Я, Йоко, совсем никто, чтобы судить такие вещи, но я думаю, что Фредерик говорит верно, потому что в этой истории нет здорового смысла. Я много раз давала совать в себя австралийцам, только чтобы сохранить жизнь. Пускай мне стыдно, что я не могу помешать себе получать с ними удовольствие, но никогда мне в голову не приходит мысль, что я должна себя убить. Если я и должна кого-то убить, так это двух австралийцев, и особенно Билла Красноволосого, но они всегда прячут от меня автомат и ножи, и в конце я даже плачу, что Билл умирает, и крепко себя ругаю за это смертоубийство, потому что, если я позволяю ему совать в себя, он не становится сердитым. Но, может быть, французская крестьянка, пускай она и насчитывает столько лет, сколько я, моложе меня в привычке к несчастьям и к безумству войны. Или, может быть, я должна считать правдой мнение Билла, что я японская шлюха.
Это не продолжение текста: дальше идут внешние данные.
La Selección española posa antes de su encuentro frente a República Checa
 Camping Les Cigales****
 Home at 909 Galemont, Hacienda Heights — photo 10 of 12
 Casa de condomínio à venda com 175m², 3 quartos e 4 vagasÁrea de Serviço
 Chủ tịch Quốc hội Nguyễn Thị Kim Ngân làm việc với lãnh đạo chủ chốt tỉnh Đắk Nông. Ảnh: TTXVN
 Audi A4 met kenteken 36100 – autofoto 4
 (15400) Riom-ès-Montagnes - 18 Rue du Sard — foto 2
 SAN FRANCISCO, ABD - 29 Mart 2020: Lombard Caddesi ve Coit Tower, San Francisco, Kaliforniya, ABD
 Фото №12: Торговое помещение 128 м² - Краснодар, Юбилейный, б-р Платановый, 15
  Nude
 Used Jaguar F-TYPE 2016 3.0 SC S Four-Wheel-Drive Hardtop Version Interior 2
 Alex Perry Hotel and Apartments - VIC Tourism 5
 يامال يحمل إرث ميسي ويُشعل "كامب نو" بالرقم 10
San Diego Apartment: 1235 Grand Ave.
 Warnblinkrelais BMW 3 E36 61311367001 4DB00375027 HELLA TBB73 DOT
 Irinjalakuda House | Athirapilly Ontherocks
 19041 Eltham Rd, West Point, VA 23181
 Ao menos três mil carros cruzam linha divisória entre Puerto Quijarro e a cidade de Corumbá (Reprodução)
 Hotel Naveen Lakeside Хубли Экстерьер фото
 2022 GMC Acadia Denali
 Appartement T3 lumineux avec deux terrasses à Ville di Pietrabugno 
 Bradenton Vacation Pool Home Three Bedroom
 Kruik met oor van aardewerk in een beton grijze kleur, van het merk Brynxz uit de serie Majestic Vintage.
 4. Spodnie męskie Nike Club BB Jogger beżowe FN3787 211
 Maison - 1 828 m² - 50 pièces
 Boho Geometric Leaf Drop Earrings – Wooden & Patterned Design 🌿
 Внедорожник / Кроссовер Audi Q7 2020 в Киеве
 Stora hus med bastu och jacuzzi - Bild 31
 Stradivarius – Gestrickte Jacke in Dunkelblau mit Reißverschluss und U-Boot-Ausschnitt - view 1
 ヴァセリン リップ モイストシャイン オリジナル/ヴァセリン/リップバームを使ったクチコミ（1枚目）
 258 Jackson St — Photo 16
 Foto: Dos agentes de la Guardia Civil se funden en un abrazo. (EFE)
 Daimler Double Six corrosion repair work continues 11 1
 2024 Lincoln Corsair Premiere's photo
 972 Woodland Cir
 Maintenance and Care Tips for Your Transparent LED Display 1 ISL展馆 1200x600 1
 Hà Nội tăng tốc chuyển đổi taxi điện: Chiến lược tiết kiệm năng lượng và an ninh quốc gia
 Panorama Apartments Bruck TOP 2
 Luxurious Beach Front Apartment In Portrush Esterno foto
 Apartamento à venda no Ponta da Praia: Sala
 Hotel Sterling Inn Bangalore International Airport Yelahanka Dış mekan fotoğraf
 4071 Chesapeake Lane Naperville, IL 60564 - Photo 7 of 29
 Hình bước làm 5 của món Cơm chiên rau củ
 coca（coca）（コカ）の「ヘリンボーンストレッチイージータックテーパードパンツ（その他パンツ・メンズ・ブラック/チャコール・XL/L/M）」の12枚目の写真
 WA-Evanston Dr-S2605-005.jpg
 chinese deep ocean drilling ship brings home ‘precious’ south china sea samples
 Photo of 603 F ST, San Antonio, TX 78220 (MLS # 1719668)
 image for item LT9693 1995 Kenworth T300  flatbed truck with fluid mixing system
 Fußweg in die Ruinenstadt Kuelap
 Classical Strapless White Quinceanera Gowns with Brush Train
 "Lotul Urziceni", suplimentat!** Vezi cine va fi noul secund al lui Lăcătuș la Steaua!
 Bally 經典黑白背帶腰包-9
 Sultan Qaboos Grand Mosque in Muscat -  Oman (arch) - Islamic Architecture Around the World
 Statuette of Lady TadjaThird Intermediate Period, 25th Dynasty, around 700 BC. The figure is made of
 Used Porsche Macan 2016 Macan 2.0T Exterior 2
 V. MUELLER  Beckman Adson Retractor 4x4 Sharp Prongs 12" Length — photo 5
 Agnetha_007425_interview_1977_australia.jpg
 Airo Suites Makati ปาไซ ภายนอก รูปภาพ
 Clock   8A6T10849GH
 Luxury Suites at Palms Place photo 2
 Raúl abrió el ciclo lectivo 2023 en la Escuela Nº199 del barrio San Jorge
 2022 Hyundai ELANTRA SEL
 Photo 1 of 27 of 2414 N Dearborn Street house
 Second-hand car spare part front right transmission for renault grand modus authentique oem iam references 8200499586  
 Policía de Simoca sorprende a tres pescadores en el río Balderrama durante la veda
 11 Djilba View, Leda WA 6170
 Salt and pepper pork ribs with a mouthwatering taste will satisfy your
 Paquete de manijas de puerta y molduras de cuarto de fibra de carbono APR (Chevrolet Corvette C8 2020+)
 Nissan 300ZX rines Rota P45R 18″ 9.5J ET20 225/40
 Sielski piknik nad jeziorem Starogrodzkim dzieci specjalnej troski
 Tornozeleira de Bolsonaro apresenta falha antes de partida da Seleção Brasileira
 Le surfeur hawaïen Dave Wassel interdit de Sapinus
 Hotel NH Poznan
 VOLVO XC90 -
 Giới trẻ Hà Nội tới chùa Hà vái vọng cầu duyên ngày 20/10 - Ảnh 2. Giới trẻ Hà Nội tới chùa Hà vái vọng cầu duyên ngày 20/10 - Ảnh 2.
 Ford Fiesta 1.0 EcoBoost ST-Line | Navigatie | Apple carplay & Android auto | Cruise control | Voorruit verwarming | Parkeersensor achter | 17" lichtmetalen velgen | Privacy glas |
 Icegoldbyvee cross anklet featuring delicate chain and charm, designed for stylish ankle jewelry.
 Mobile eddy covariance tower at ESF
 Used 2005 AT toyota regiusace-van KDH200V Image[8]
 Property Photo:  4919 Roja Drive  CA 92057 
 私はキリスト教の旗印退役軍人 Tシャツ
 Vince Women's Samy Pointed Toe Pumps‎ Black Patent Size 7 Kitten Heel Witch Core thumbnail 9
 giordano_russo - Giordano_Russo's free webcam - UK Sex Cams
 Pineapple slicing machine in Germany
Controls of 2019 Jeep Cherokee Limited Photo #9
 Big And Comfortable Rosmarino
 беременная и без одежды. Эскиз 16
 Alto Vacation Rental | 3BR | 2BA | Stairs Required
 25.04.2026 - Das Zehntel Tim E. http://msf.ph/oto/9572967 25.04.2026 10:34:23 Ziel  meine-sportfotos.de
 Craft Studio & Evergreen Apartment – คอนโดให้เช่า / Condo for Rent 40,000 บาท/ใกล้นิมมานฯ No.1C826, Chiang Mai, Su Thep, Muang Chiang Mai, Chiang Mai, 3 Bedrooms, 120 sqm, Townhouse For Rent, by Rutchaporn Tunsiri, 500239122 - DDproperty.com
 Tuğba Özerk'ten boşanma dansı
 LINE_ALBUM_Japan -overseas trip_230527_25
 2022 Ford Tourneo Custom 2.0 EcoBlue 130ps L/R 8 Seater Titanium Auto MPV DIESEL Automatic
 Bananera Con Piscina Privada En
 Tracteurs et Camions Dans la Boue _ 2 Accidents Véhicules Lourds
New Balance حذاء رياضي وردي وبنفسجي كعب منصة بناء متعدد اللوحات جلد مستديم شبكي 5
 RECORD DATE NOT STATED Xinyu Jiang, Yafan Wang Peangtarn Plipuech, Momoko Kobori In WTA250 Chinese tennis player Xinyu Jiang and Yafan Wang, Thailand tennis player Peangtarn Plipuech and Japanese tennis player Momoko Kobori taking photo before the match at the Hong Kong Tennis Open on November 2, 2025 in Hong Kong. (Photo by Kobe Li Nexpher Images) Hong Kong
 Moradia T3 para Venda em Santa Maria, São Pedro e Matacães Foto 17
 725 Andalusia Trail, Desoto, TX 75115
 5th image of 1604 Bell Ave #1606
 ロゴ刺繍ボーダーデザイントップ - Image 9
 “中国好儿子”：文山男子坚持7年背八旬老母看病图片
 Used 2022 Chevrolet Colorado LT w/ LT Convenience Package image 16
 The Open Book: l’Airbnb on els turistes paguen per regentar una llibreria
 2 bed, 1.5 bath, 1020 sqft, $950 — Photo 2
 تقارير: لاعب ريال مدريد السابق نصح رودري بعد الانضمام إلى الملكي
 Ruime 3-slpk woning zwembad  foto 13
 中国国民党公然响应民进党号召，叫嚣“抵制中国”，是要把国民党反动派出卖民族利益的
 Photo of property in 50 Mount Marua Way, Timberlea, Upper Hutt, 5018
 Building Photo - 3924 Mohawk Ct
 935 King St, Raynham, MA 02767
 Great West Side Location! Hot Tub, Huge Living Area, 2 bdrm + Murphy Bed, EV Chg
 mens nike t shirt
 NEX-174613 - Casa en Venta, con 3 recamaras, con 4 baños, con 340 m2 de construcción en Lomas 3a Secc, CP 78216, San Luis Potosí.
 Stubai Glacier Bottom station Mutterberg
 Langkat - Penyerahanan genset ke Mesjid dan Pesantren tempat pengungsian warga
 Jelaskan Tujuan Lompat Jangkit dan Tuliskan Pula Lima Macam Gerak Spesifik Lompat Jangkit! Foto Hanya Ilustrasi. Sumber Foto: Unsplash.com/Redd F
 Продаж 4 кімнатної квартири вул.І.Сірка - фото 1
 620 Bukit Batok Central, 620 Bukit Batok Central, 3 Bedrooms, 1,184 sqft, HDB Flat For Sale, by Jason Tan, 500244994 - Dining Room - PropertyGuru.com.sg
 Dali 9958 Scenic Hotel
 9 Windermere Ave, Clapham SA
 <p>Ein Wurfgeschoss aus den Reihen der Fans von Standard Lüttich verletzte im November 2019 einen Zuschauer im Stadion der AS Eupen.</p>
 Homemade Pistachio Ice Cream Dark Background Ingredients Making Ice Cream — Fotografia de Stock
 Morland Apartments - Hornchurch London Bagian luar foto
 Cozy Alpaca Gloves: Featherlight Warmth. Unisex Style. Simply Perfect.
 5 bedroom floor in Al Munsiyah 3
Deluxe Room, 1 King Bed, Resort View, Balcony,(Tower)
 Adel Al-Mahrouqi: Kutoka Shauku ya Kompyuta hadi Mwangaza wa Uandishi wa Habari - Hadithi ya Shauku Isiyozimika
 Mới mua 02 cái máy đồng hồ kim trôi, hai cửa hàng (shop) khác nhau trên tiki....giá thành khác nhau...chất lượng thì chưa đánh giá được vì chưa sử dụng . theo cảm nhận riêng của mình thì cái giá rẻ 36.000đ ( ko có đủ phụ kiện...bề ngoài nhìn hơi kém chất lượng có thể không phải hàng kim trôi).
К большому счастью, те два француза чаще говорят о других вещах, чем об этом барахле. Эсмеральда - немного, и я после говорю почему, но Фредерик говорит моменты из своего детства и его жизни прежде, чем он идет в тюрьму, и красивых женщин, которых он любит. И он говорит его бабушку очень хорошей, а его мать подло покинутой, когда он насчитывает всего десять лет, и свою жену Констанс, тоже очень хорошую и очень красивую, которая никогда его не забывает. И еще тот миг, что он сражается за эту Жанну д'Арк, и я, Йоко, боюсь, что проклятые англичане ее убивают, и мне очень трудно не дать услышать мою радость, когда Фредерик спасает ее жизнь. Я не пень, что у вас значит глупый, и я понимаю, что это, может быть, не правдивая история, но кто знает? Однажды я спрашиваю у великого океана, и он отвечает, что никто не знает. Он помещает мне в голову, что если англичане сжигают другую, то это не первый раз и не последний, что они врут.